• _What you will do_: What you give back should be exactly the lines from the one with "Novelty dangle earrings" through the final line of the material, pictures removed; please add nothing.

== Material provided ==

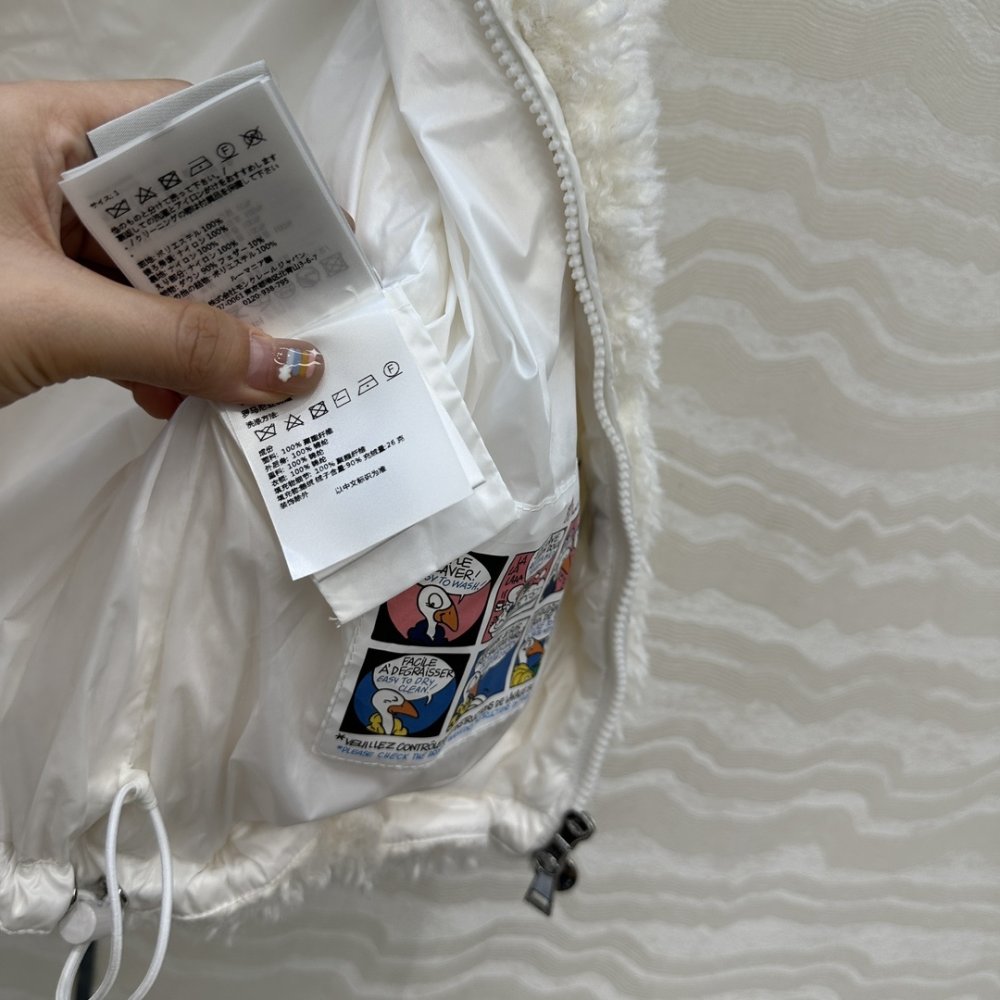 Жилетка хутряної на пуху жіноча фото 8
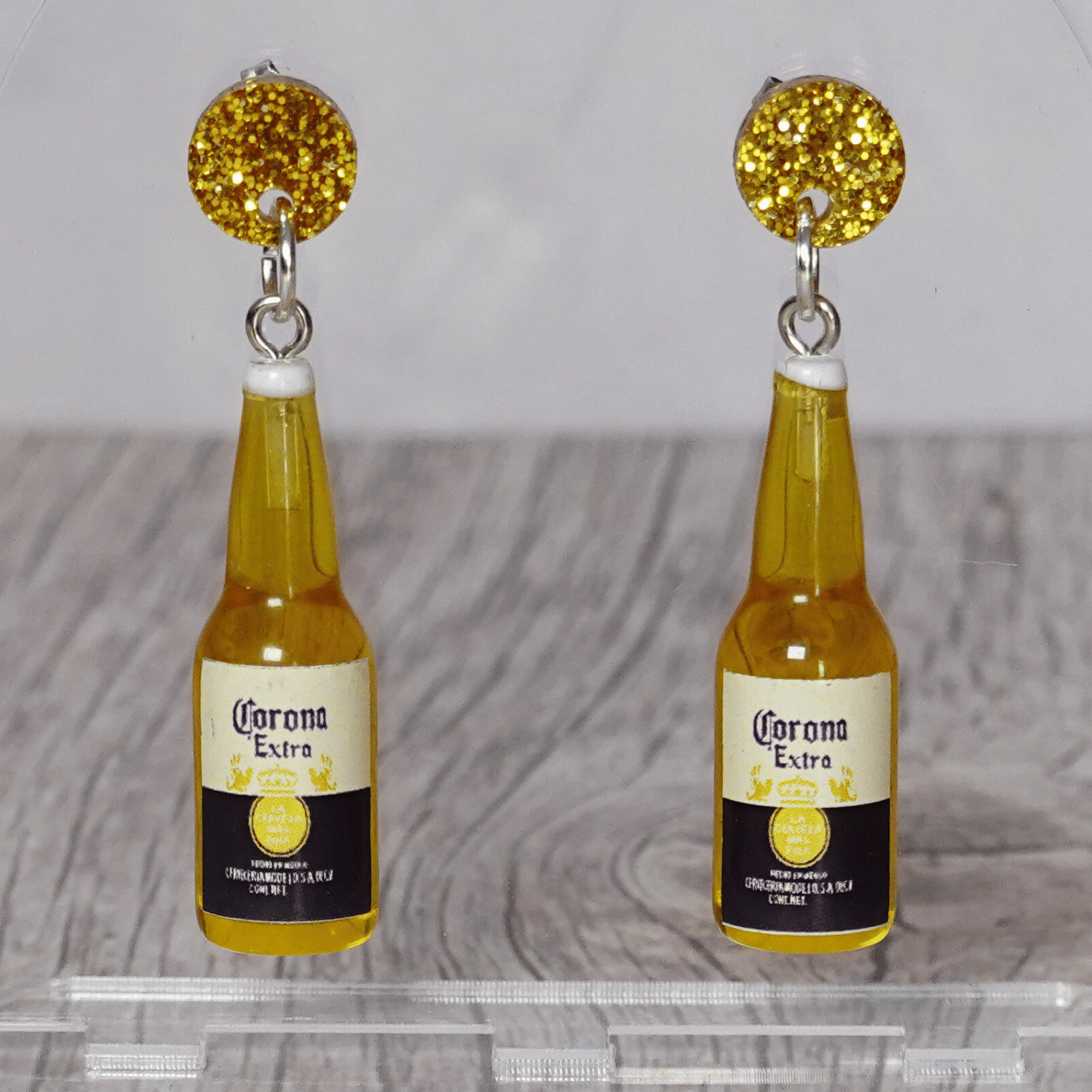 Novelty dangle earrings shaped like small beer bottles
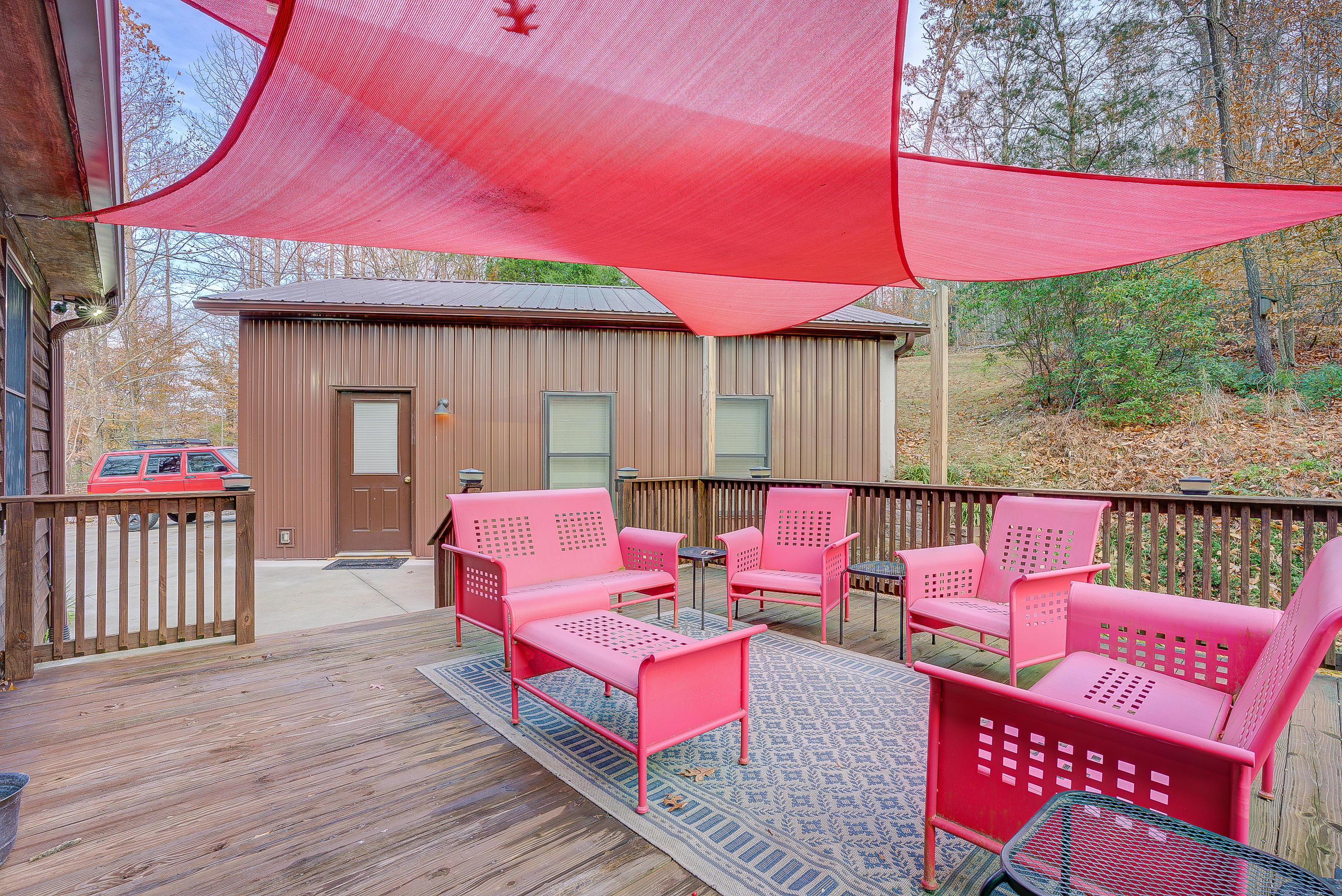 1037 Buck Mountain Road Goodview, VA 24095 - Photo 28 of 31 a patio with lawn chairs and wooden fence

===

• _Exercise answer_:
 Novelty dangle earrings shaped like small beer bottles
 1037 Buck Mountain Road Goodview, VA 24095 - Photo 28 of 31 a patio with lawn chairs and wooden fence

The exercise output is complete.